Follow your dreams and you might just find your lost engagement ring - like this woman did
YPSILANTI, Mich. - You can't make this stuff up, so thank god there's clairvoyant visions and responsible store managers to help create them instead.
Who knows how long Monica Jones had been without her engagement ring before she discovered the naked finger on her left hand. But there she was, unaware of the jewelry that had been with her for decades, and now it was just gone.
"One morning, I was sitting on my couch and my husband says 'hey, let's clean our wedding rings, it'll be 24 years this year.' and I looked down to get my wedding ring off my finger and it was not there," Jones said. "And I went into panic mode."
Panic mode is an understatement. She cried, searched her home, her car, her office - pretty much anywhere one might part ways with one of the most important pieces a married individual might accessorize with.

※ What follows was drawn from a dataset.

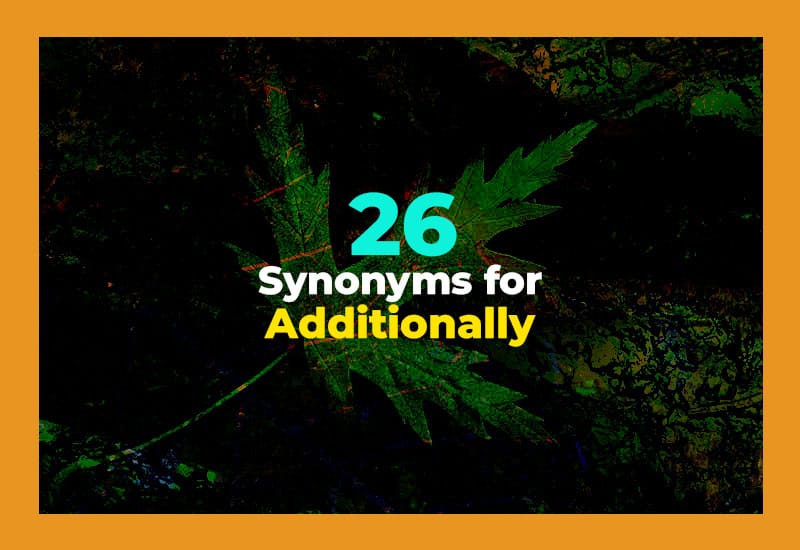 Synonyms for Additionally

And then, like out of a movie, she had a dream.
"The first time I saw my hands at the dollar store and they were going inside these potato chips," she recalled.
She had that dream twice. The longshot that the symbol of a bond forged almost two-and-a-half decades ago might be resting in the lost-and-found of their local Dollar Tree is hard to measure. But after a month of missing and panic mode turning into depressing acceptance, this was her new reality, Jones was willing to do anything.

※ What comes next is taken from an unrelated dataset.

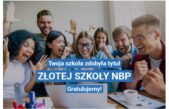 10 czerwca 2025 – Nasza szkoła w „Złotej Setce” programu NBP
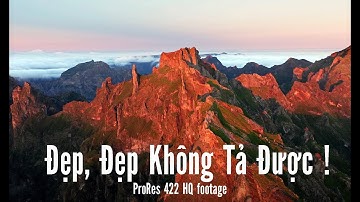 Đẹp Không Thể Tả Hết, Music Hay, Footage này có bản quyền của tây đấy nhé các bạn. ProRes 422 HQ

She went to the Dollar Tree store on Washtenaw Road in Ypsilanti and approached the clerk.
"And I said 'by any chance, and I know this is crazy, but did someone turn in a diamond marquise wedding ring?'" she said. "And he just kind of looked at me strangely and he said 'well, what color is the band?'"

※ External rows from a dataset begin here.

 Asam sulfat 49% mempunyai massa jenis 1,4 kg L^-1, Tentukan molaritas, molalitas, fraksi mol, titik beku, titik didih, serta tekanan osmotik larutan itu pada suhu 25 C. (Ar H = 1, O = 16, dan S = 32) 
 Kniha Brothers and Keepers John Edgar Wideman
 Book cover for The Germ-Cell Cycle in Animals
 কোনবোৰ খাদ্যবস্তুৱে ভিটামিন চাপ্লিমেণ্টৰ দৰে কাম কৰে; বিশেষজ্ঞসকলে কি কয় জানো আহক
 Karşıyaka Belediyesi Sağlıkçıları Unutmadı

Yes - a dream of baked potatoes manifested itself in a form of salivation most couldn't fathom in their lifetime. And there it was, being held by a Mr. Otis Sims of the Dollar Tree. Now not everything of this fairy tale is true - primarily the ring being found on top of a calendar, not in a bag of potato chips - but we're willing to let it slide.
"He comes out with it and asks 'is this it?' I went 'ahh!' and just started crying. I hugged him and hugged him and I still can't praise him enough," said Taylor.
That was back in August. And she continues to sing Sims' praise.
"So when I had the ring, 'I said, can I do the honors, by placing this ring back on your finger,' where it belongs for 20-something years," said Sims.